Número de eleitos pode ser maior

Em todo o Brasil o Conaq mapeou 81 quilombolas eleitos sendo: 2 prefeitos, 9 vice-prefeitos (as) e 68 vereadores. Apenas a Região Sul não teve quilombolas confirmados para o próximo mandato nem no executivo, nem no legislativo. Foram cerca de 500 candidaturas em todo país. Porém, de acordo com o Secretário de Estado de igualdade Racial, Gerson Pinheiro, esse número pode ser bem maior, considerando moradores de quilombos que foram eleitos, que não estão ligados diretamente a algum grupo ou movimento, e que por não serem militantes não entraram no mapeamento.

“A Conarq faz o levantamento dos militantes do movimento que se elegeram. No Maranhão, de acordo com informações que tem chegado, esse número é maior, porque  além dos militantes, tem moradores de quilombos que talvez por falta de oportunidade ou de conhecimento, não militam no movimento. Um mapeamento maior deve ampliar esse número e acredito que vai ajudar o movimento social em si, primeiramente, e os próprios órgãos que trabalham as políticas afirmativas voltadas para a população negra. É a oportunidade para também chamar essas pessoas para essa luta”, avalia Pinheiro.

O Coordenador da Conaq, Antônio Crioulo, avalia os resultados como fortalecimento da pauta quilombola. “Esse resultado representa acima de tudo o reconhecimento da luta incansável dessas lideranças pelos seus territórios”, destaca.

A presença de quilombolas no legislativo e executivo assegura a visibilidade da pauta e garantia dos direitos. As pautas relativas à realidade quilombola englobam, além de educação e saúde, o acesso ao território e ao fortalecimento da identidade quilombola, e ainda  sub-eixos como, a questão do acesso a emprego e renda, à sustentabilidade, à agricultura.

Para  Gerson Pinheiro, o resultado dessas eleições é fruto de uma organização dos movimentos sociais dentro das comunidades quilombolas e representa um avanço na discussão em prol de candidaturas para a representatividade quilombola nas eleições vindouras.
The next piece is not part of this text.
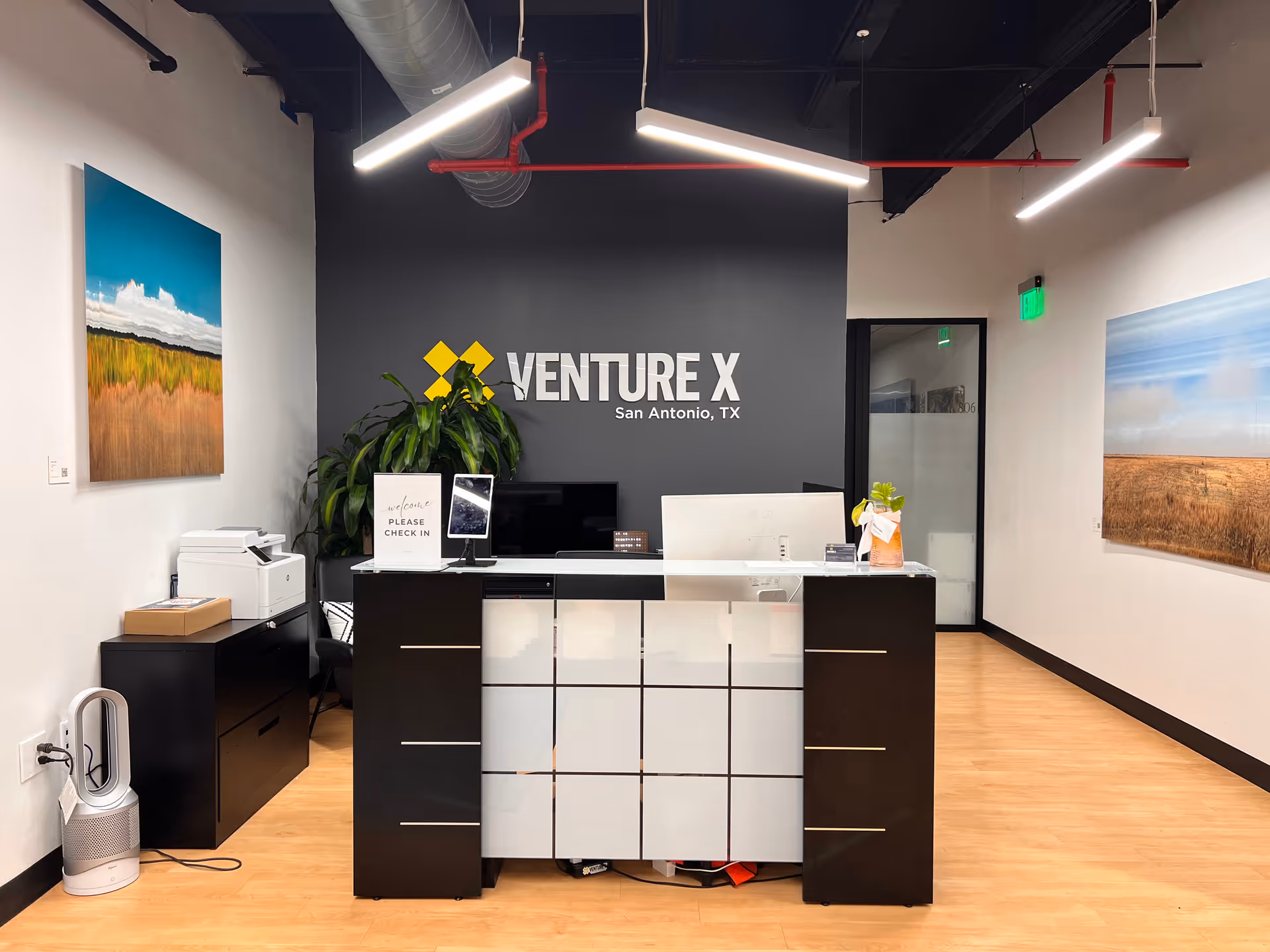 Reception desk in a modern coworking space with Venture X branding on a dark wall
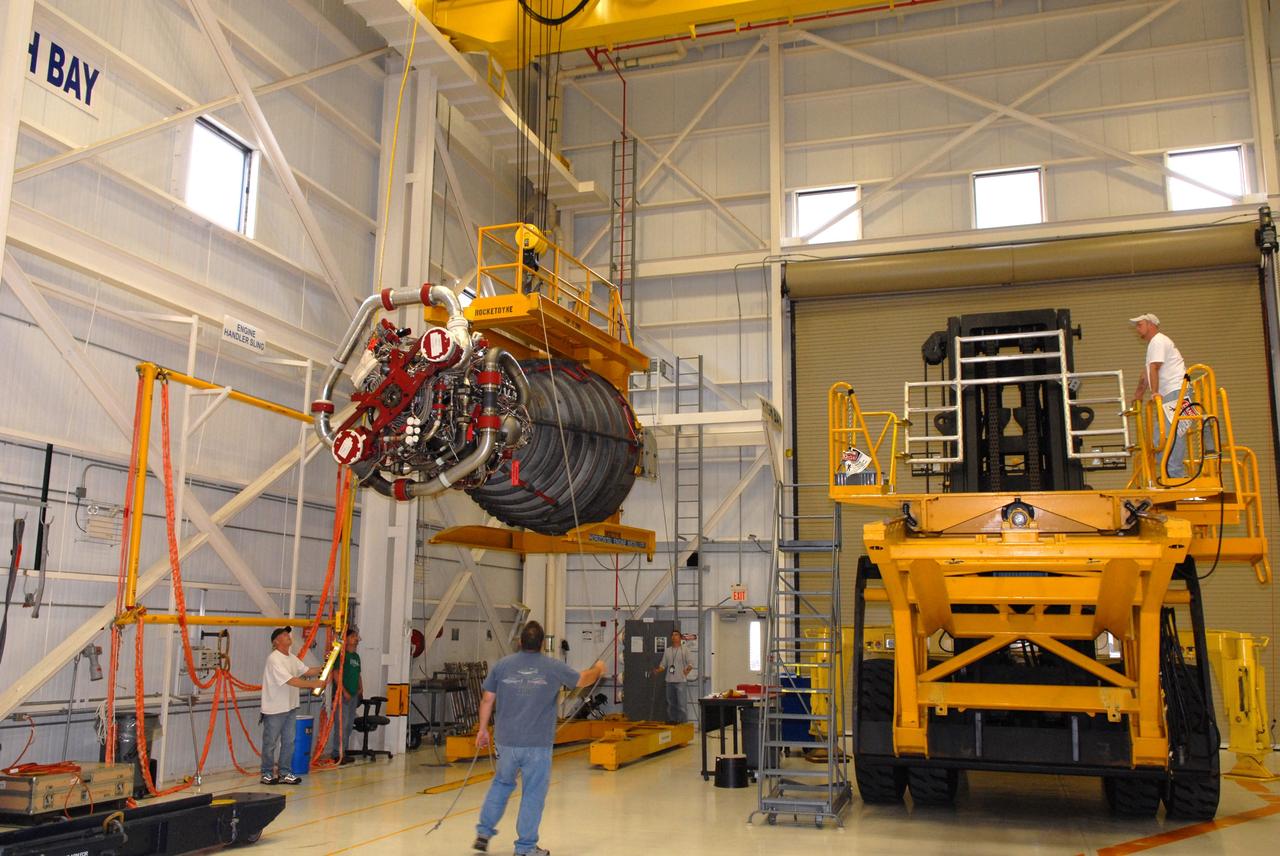 CAPE CANAVERAL, Fla. - In the Space Shuttle Main Engine Processing Facility at NASA's Kennedy Space Center in Florida, United Space Alliance workers lift a main engine toward a transporter. The engine is being moved to Orbiter Processing Facility Bay 3 where it will be installed in space shuttle Discovery during processing for the shuttle's STS-131 mission to the International Space Station. The seven-member STS-131 crew will deliver a Multi-Purpose Logistics Module filled with resupply stowage platforms and racks to be transferred to locations around the station. Three spacewalks will include work to attach a spare ammonia tank assembly to the station's exterior and return a European experiment from outside the station's Columbus module. Discovery's launch, targeted for March 18, 2010, will initiate the 33rd shuttle mission to the station. For information on the STS-131 mission and crew, visit http://www.nasa.gov/mission_pages/shuttle/shuttlemissions/sts131/index.html. Photo credit: NASA/Jim Grossmann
“Fazer com que pessoas militantes do movimento, moradores dos quilombos cheguem ao parlamento representa a visibilidade desse povo e do trabalho deles. À medida que eles ocupam outros espaços de poder, há uma ampliação dessa visibilidade, que facilita a busca de direitos das políticas afirmativas, e inclusive de fazer frente a toda essa perda que a população negra, a indígena, tiveram durante séculos e séculos no nosso país. O que está se vendo é um movimento importante desses grupos, aproveitando esse clima internacional na luta pelos direitos, mas que se expressa de forma mais forte no Estados Unidos. Isso fomentou essa busca de visibilidade e de representação do trabalho. Eu creio que para 2022 essas pessoas que ocupam o parlamento voltarão a se organizar de novo e conquistar mais espaços”, acredita Gerson Pinheiro. Segundo a Secretaria de Estado de igualdade Racial, no Maranhão existem 1.121 comunidades quilombolas, das quais 483 tem a certificação da Fundação Cultural Palmares. Neste ano, 69 comunidades foram certificadas. A certificação é a primeira etapa do processo de titulação, que pode culminar com a posse definitiva do território. A SEIR está em 75 dos 217 municípios maranhenses.